# Shipping from Ontario??



## Overkill19 (Aug 4, 2021)

Seams like there is a lot more milling machines at that end of the country !!! Has anyone priced out a truck? Maybe throw 3-4 8 machines to make it worth it. 


Sent from my iPhone using Tapatalk Pro


----------



## combustable herbage (Aug 4, 2021)

2 Bridgeports in Toronto, $1500 each | Canadian Hobby Metal Workers & Machinists


----------



## gerritv (Aug 4, 2021)

Look for an ltl, e.g. using uship.com. But you would still need to skid/crate whatever the machine is. I shipped an Aamco shaper out west, took a bit of effort to crate it and drop it off at the local depot. Not expensive however, <C$150.

I've thought of taking a trip to EU to get some real machines, e.g. Schaublin or Aciera but at my age it is a bit too late.
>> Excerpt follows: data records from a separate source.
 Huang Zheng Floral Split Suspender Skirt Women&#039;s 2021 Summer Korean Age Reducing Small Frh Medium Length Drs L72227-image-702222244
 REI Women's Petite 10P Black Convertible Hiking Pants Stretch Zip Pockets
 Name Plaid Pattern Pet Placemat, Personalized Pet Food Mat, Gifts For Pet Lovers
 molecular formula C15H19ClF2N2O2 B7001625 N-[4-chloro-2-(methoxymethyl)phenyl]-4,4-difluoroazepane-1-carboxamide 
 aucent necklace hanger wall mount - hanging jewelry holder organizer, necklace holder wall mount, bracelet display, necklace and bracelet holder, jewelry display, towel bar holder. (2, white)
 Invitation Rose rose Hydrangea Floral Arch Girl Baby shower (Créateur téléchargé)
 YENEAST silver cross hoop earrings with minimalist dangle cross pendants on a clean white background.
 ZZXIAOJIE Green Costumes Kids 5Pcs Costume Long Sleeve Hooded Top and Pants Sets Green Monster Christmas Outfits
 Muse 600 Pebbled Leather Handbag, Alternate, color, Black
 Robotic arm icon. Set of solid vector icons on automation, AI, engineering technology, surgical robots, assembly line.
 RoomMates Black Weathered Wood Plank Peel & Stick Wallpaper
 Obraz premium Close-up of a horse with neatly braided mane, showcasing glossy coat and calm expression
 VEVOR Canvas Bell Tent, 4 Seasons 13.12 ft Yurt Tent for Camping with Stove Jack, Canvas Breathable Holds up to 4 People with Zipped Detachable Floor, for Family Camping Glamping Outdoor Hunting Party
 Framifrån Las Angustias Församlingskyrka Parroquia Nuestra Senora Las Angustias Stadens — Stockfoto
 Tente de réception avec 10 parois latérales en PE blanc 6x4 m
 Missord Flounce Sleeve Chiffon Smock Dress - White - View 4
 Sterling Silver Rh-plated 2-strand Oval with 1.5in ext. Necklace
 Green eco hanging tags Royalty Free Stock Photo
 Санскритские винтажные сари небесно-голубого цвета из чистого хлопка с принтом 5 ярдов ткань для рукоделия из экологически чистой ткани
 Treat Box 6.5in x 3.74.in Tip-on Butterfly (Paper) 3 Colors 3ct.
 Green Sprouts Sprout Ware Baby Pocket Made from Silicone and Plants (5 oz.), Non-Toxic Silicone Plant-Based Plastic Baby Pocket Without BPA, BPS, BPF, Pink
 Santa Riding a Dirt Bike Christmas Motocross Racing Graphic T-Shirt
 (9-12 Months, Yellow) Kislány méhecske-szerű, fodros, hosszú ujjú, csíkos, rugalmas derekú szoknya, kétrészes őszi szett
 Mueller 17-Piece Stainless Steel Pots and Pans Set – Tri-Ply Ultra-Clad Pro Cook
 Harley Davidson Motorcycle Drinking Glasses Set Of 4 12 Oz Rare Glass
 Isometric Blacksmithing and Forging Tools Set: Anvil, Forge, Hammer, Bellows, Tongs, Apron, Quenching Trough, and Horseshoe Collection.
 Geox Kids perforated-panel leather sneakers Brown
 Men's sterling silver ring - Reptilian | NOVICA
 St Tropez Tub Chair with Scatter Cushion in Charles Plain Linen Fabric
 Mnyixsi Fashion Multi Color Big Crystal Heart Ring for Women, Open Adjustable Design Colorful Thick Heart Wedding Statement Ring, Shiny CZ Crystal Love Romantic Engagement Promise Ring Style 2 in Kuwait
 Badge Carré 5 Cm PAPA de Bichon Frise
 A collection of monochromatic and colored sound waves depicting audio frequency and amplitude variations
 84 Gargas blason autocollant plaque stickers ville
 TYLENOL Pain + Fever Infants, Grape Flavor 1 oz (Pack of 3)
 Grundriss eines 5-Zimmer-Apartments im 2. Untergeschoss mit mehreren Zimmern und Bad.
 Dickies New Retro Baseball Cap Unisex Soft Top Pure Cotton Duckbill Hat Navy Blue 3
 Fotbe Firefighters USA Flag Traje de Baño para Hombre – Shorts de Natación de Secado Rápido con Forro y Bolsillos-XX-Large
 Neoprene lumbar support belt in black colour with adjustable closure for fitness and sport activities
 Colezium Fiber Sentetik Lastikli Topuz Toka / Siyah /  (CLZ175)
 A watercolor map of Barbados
A 20ft container would be just the right size to bring everything back in.

Gerrit


----------



## Mcgyver (Aug 6, 2021)

May have mentioned this before.  Two years ago I shipped a 1000 lb skid from Northern BC to Niagara for $250.00.  My friend and in BC got the quote, took it to the terminal and instructed them to ship to me and bill my account.  The bill came in, $1200 or 1500 (can't remember).   I called them and they credit down to a $250 fee.

What happened?  I'll never know - was the 250 ->1500 increase an error, or is the policy bend the customer over he hasn't secured a quote first.  I suspect the later.  The quote was in buddy's name but when it came to shipping it was put through on my account so their system had no idea they'd quoted the shipment.

Moral of the story, always get a quote first, in writing.

As for used machine tool arbitrage?  I'd think you'd make more faster flipping burgers.  Transportation and time, paying someone to package/skid/crate, plus who wants to buy machines without seeing them first?


----------



## Overkill19 (Aug 7, 2021)

Mcgyver said:


> May have mentioned this before. Two years ago I shipped a 1000 lb skid from Northern BC to Niagara for $250.00. My friend and in BC got the quote, took it to the terminal and instructed them to ship to me and bill my account. The bill came in, $1200 or 1500 (can't remember). I called them and they credit down to a $250 fee.
> 
> What happened? I'll never know - was the 250 ->1500 increase an error, or is the policy bend the customer over he hasn't secured a quote first. I suspect the later. The quote was in buddy's name but when it came to shipping it was put through on my account so their system had no idea they'd quoted the shipment.
> 
> ...



What shipping company did you use? Thx


Sent from my iPhone using Tapatalk Pro


----------